BARNSLEY MP and Sheffield City Region Mayor Dan Jarvis has said the public body overseeing the county’s bus services is ‘no longer fit for purpose’.
In a letter, Dan said the South Yorkshire Passenger Transport Executive (SYPTE) did its best to mitigate cuts by operators but added a ‘complete rethink’ was needed.
The mayor also said he found late-running services and cancellations ‘frustrating and infuriating’.
South Yorkshire’s bus services are currently subject to a county-wide review and a report detailing what should happen next will be published in the spring.
Dan said: “While SYPTE does its best to manage and mitigate service cuts by operators, its architecture and approach are no longer fit for purpose.
“For far too long we’ve had more of the executive than the passenger – a complete rethink is required. Arms-length arrangements have also cemented a gap between funding and accountability, and we have lost sight of where this accountability sits.
“The travelling public has in recent years been subject to steadily deteriorating services as the frequency, reliability, connectivity and the general quality of our buses spirals downwards.
“I am working to arrest this decline, though there are no easy solutions.

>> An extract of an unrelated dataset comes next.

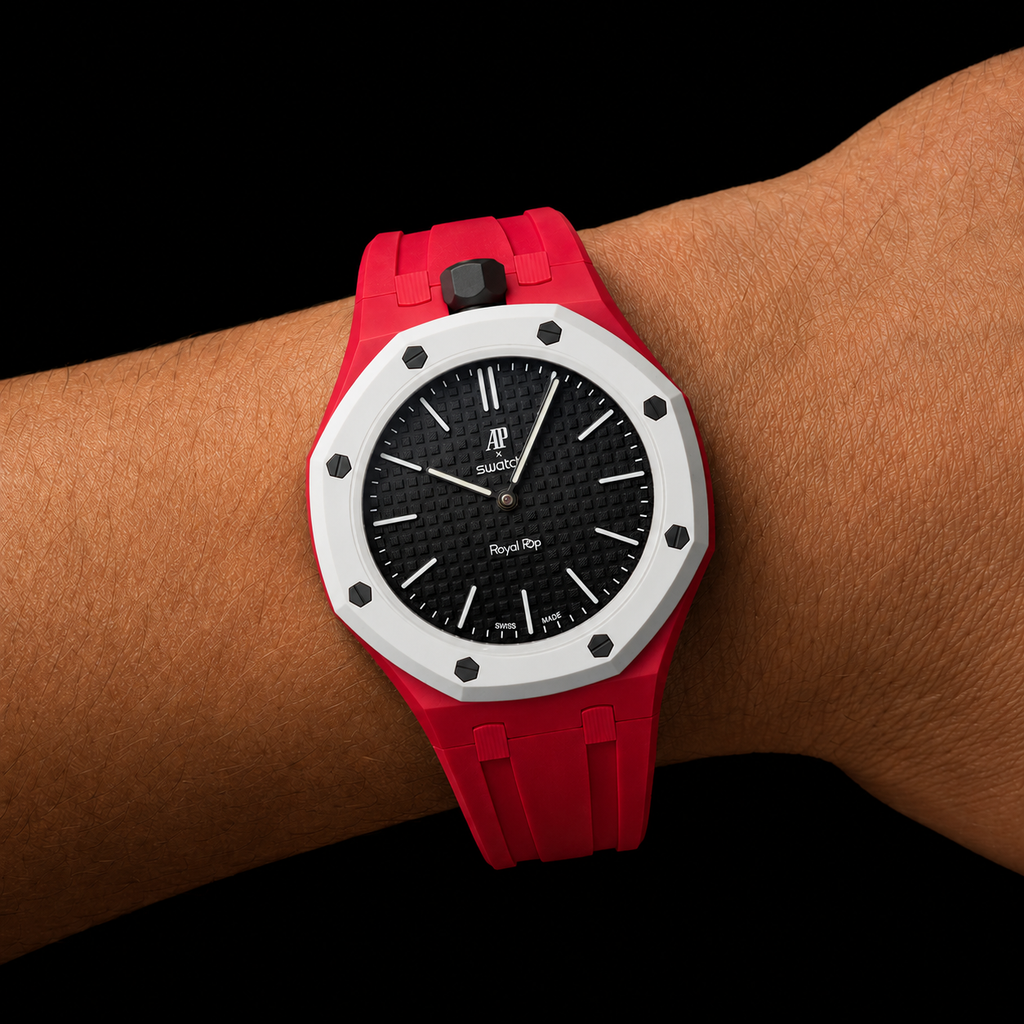 Red — Rubber Strap — Lépine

I have inherited annualised reductions in funding for buses, ultimately attributable to government cuts, resulting in a situation of ‘managed decline’ where passenger patronage has fallen steadily.
“But we also need a fresh, imaginative approach to how we run local services, including exploring the creation of not-for-profit and co-operative bus companies and expanding public ownership and local, democratic accountability throughout our public transport system.”
SYPTE has been contacted for a comment.